The problems surrounding myself and those around me, matters entangled with money, the reality of having to study English more intensely than one’s native language as a Korean, the issues one faces while passing through one’s twenties—for instance, the recent stories of people renouncing their nationality in order to evade military service while continuing to enjoy the benefits and privileges attached to it.
I believe these things are not extraordinary incidents, but rather part of the everyday reality of living as a Korean in Korea.
I have always lived with the sense that such everyday life is far from ordinary.
At some point, I came to realize that the concerns and problems I experience every day are intertwined with the everyday lives of others of my generation, living through a similar moment in time.
Things that are utterly plain and seemingly insignificant, yet continue to fill our lives day after day.
Perhaps these are what we call everyday life.
— Excerpt from the artist’s note by Shin Kiwoun, May 9, 2005
Shin Kiwoun’s works are composed of various products of contemporary society. The objects he engages with are perceived less as aesthetic subjects than as manufactured products. Through these works, the artist does not attempt to construct persuasive narratives. Nevertheless, depending on the perspective from which the viewer approaches them, the texts and images selected by the artist may be read in entirely different ways.
1. ‘Erasing’
Machines are products of modern science and technology designed to perform tasks in place of humans. The machine placed within Shin Kiwoun’s studio functions by grinding objects on the artist’s behalf. Designed to slowly crush and pulverize texts or objects, it gradually neutralizes them until they are ultimately reduced to powder.
Regardless of what is placed into the machine, the result it produces is nothing more than a mass of powder; only slight differences in volume, weight, and traces of color remain perceptible.
This machine possesses the power to transform the objects that enter “inside its body” into powder. Objects differing in form, material composition, and function are converted into the uniform condition of “dust” within the mechanism.
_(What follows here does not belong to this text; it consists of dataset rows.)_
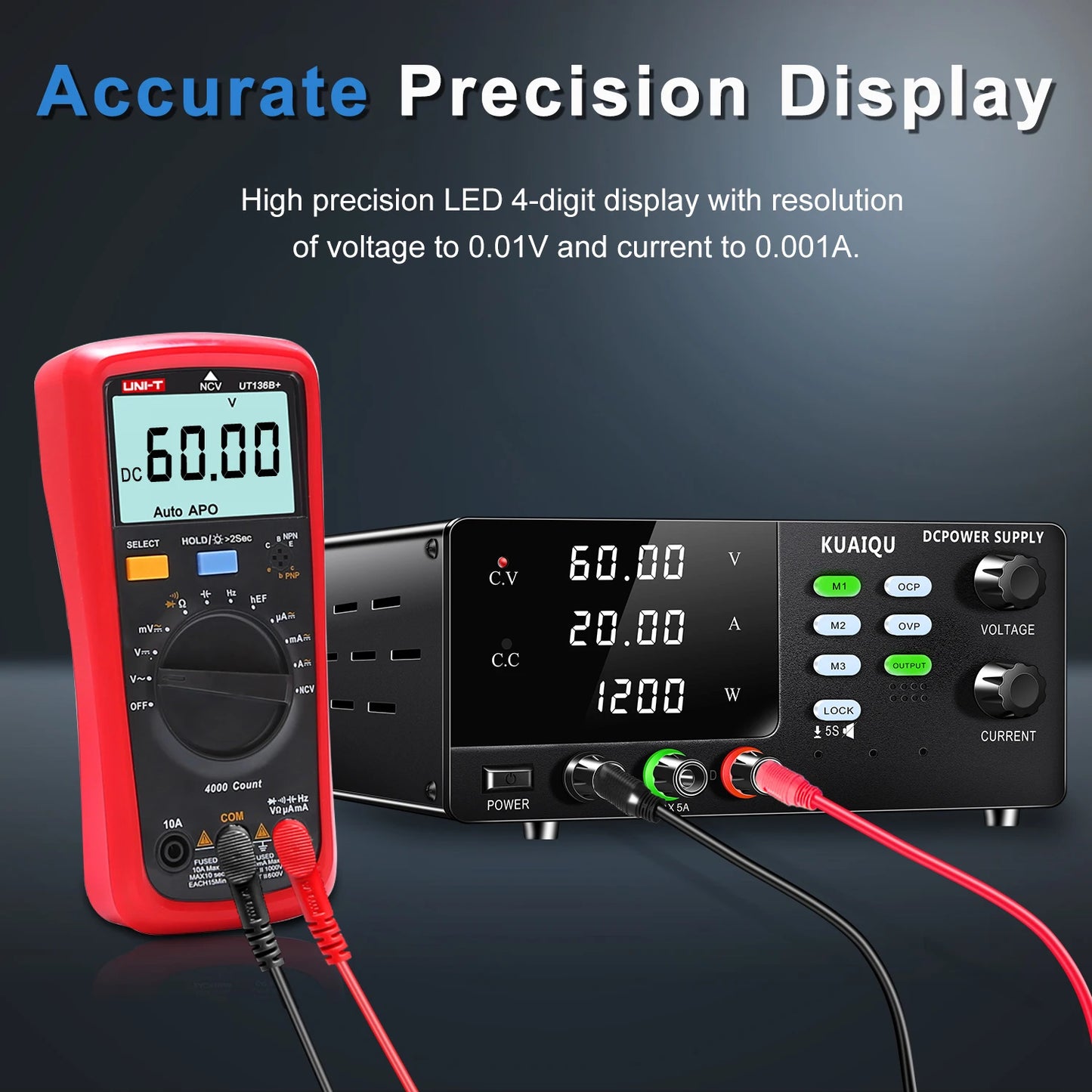 KUAIQU 3000W High Power Adjustable Bench Power Supply 1000V 300V 200V 100A 60A 30A Lab Power Supply OCP Alarm OVP Output Switch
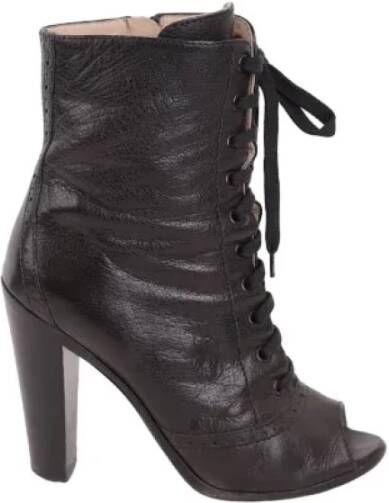 Miu Pre-owned Leather boots Black Dames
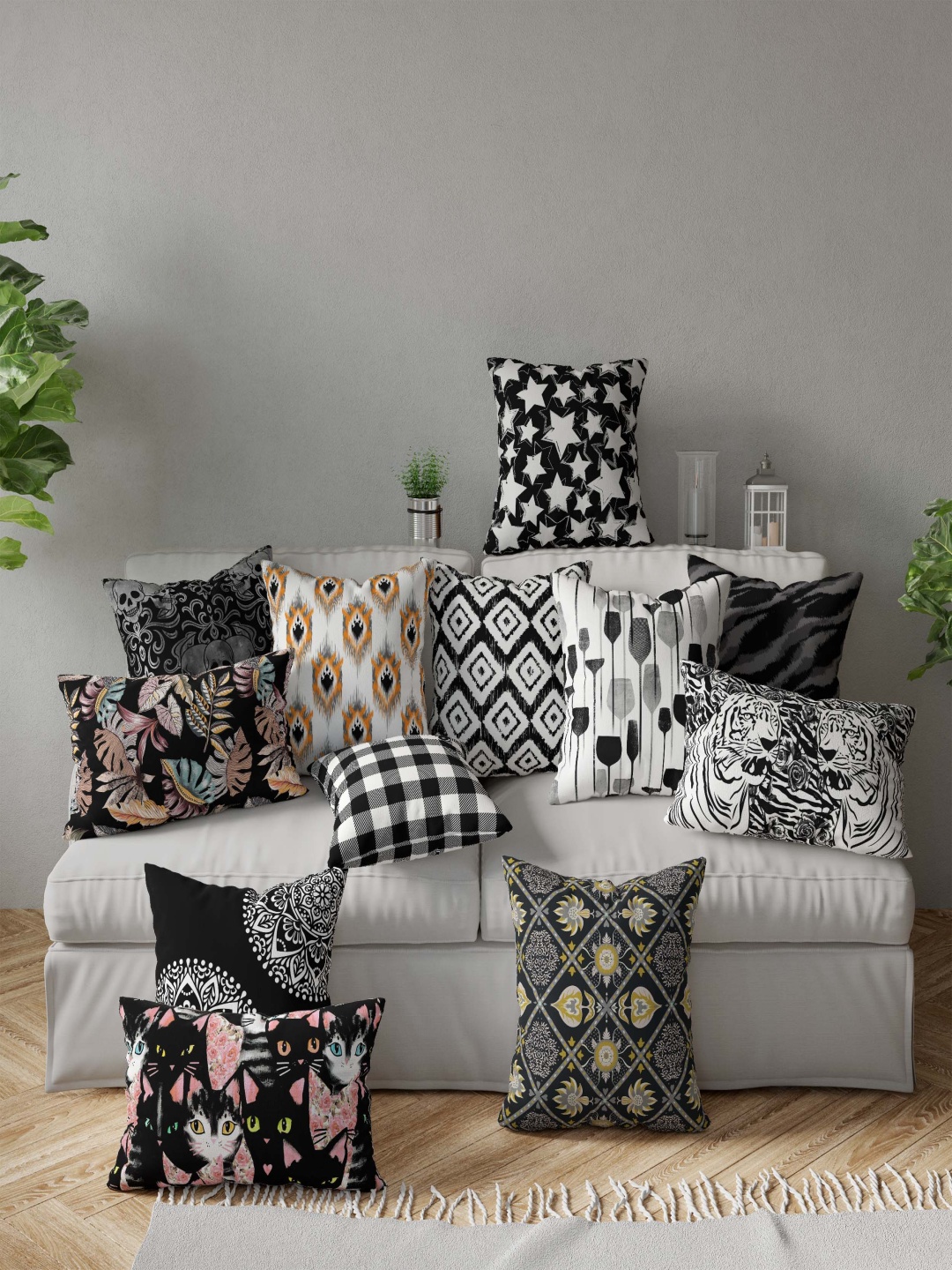 

Vargottam Black Set of 5 Geometric Square Cushion Covers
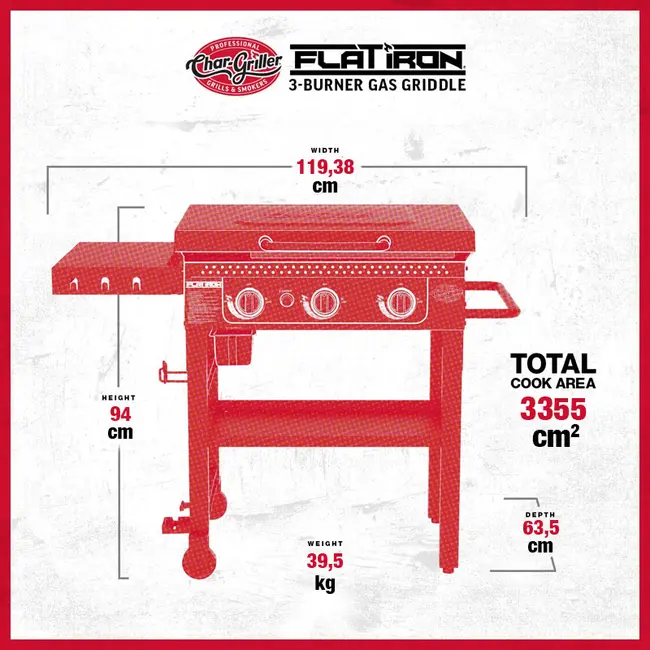 Char-Griller Flat Iron 3 Burner - Gas BBQ Grill with 3 Independent Burners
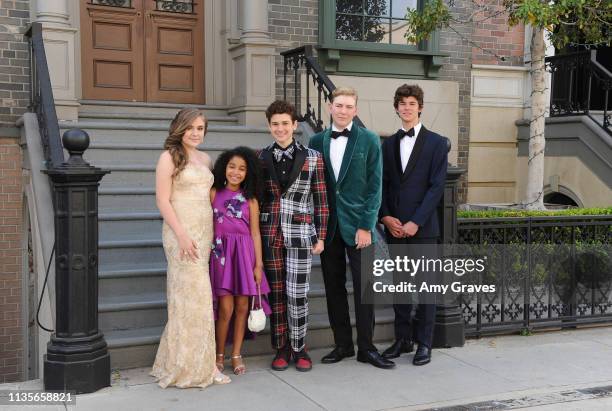 Alyssa de Boisblanc, Jordyn Curet, Jax Malcolm, Connor Dean and Chase Mangum attend the 2019 Young Entertainer Awards at Steven J. Ross Theatre on...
As the surfaces embedded within the machine pass across the object at a fixed speed, its form gradually disappears, while its original function and value are simultaneously erased and reduced to powder. The object is thus returned to a state preceding its existence as a distinct form. Just as it was artificially brought into being, the work artificially returns it to death.
In observing objects erased by the machine in this manner, one is prompted to reflect upon the most primordial condition of social and material things. Through the video recording of the process by which powder is restored to its original form, viewers are invited to reconsider the meanings of birth and death as they relate to objects.
2. ‘Being Erased’
The objects Shin Kiwoun selects to pulverize are primarily industrial products—mobile phones, remote controls, books, and various items commonly encountered in everyday life. The books that become “feed” for the grinding machine include law books, E. H. Gombrich’s The Story of Art, and English dictionaries: objects that provide practical utility for sustaining social life.
Once reduced to powder, these books are remade into paper and reborn in different forms. As their original forms disappear, the social and physical functions they once possessed also vanish, leaving them as mere material substances.
At times, electronic devices are likewise ground within the “grinding machine.” A mobile phone, for example, is an assemblage of components designed to perform convenient communication functions within everyday life. Yet once placed inside the machine, the pressure generated by its rotating mechanism gradually shatters the screen, reducing the phone into powder-like matter.
Technological products such as mobile phones, computers, and televisions have undeniably brought convenience into modern life. However, although these devices were created as tools to serve humanity, the convenience they provide has ultimately come to dominate human behavior itself. Contemporary life has become nearly impossible to sustain without such devices.
Products with increasingly advanced functions continuously flood the market, and items considered “new” only months earlier quickly lose even the meaning of the word “latest.” By reducing these products of civilization back into material residue, Shin Kiwoun’s work compels viewers to recognize the extent to which such technologies have come to infiltrate and occupy everyday life.